Centre for Historical Studies
Jawaharlal Nehru University
Invites you to a lecture by
Professor Anthony McElligot
University of Limerick, Ireland
on
“Remembering and Forgetting – The Holocaust in Post-war Narratives of Survivors and Perpetrators”
Our primary encounter with the past is through memory. This has been the case in popular culture, but also in the past 40 years, professional historians have returned to memory through oral narratives and witness testimonies; its evocation through artefacts and heirlooms passed on from the dead; more frequently throughthe medium of photographs, where these have survived. In various ways people look for evidence of the past and frequently for evidence of their own lineal existence in it. But the fragments of the past that one encounters do not tell a linear or even coherent story. As Mary Henderson, the Greek-born wife of the British diplomat, Sir Nicholas Henderson, who lived through the war in Greece, observed in her own memoir: ‘memory plays tricks, chooses, forgets, and enhances certain events and feelings.’ Recalling events from her life, she likens them to a pile of unordered photographs: ‘some of the pictures as I look through them are blurred, foggy and faded but others are sharp and clear – they reveal every detail.
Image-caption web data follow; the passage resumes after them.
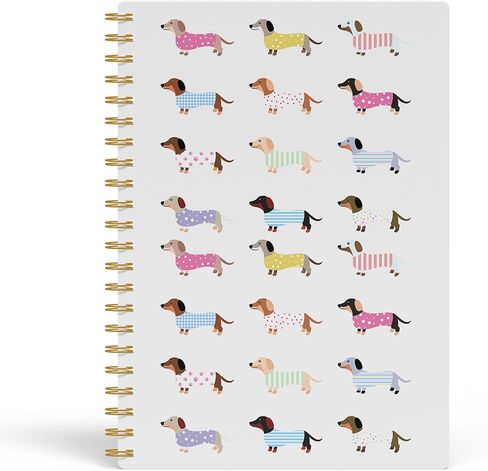 Evcprz Cute Dachshund Notebook Journal, Colorful Sausage Dog Pattern Notebook, Funny Wiener Dog Gifts for Women Girls, Pet Lover Stationery, Spiral Notebook 5.5x8.3 Inch in Kuwait
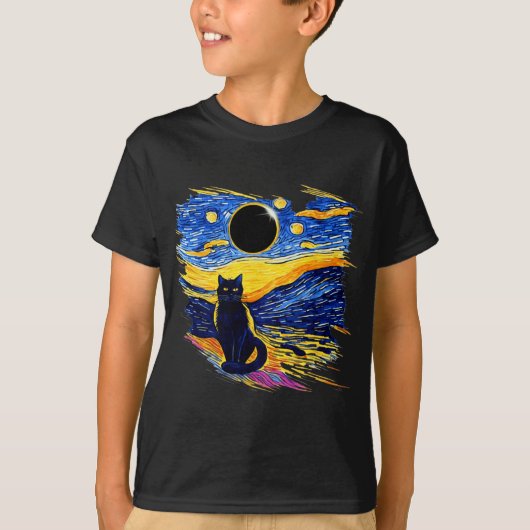 T-shirt Totalité Solaire Eclipse 2024 Starry Night Van Gog (Devant)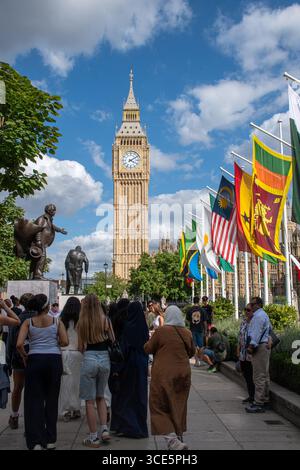 August 2025, London, England, Vereinigtes Königreich, Gedenkfeier zum VJ-Tag 80. Im Bild: Der Parlamentsplatz ist voll mit bunten Fahnen gekleidet, um zum 80. Jahrestag des VJ-Tages (Sieg in Japan) im Zweiten Weltkrieg am 15. August zu erinnern. Zu den Flaggen gehören die Flaggen des Vereinigten Königreichs und seiner konstituierenden Länder, die des Commonwealth of Nations sowie die britischen Überseegebiete und die Kronabhängigen. Stockfoto
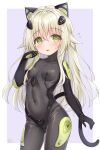  1girl absurdres animal_ears black_bodysuit blonde_hair blush bodysuit breasts cat_ears cat_tail covered_collarbone covered_navel covered_nipples cowboy_shot green_eyes hand_up highres kazuneko_(wktk1024) long_hair original parted_lips pilot_suit plugsuit small_breasts solo standing sweatdrop tail 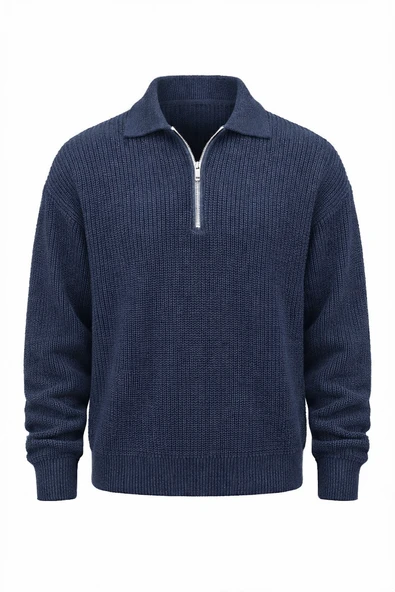 Gibson Oversize Yarım Fermuar Gömlek Polo Yaka Selanik Örme Erkek Triko Kazak - İndigo ürün görseli 1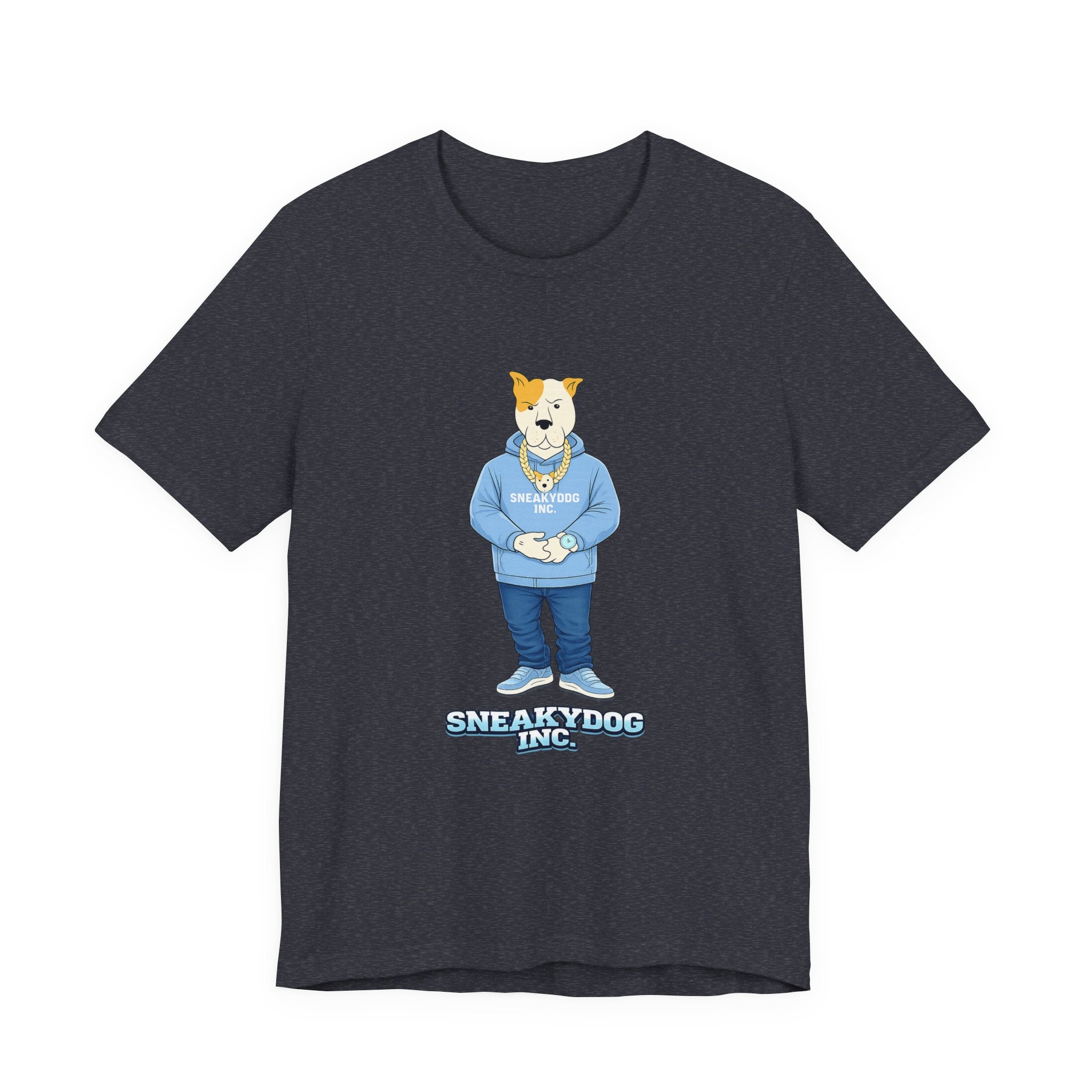 Sneakydog Inc. Carolina Blue Hoodie Graphic Tee — Vintage Short Sleeve T-Shirt
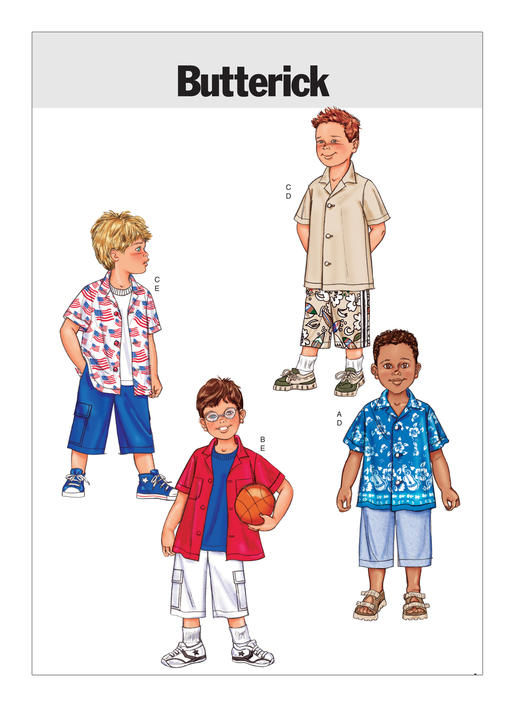 Symønster Butterick 3475 - Skjorte Shorts - Dreng | Billede 1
Some are missing.’ Henderson’s astute observation is germane to reconstituting a memory of the Holocaust, especially for those who survived the camps and for their families. But it also applies to the perpetrators who remember the same events but construct a different narrative of these. This talk is based on my current research into the Holocaust in the Eastern Aegean and explores some of the problems the historian encounters when trying to reconstruct the evidence from memories of both survivors and perpetrators.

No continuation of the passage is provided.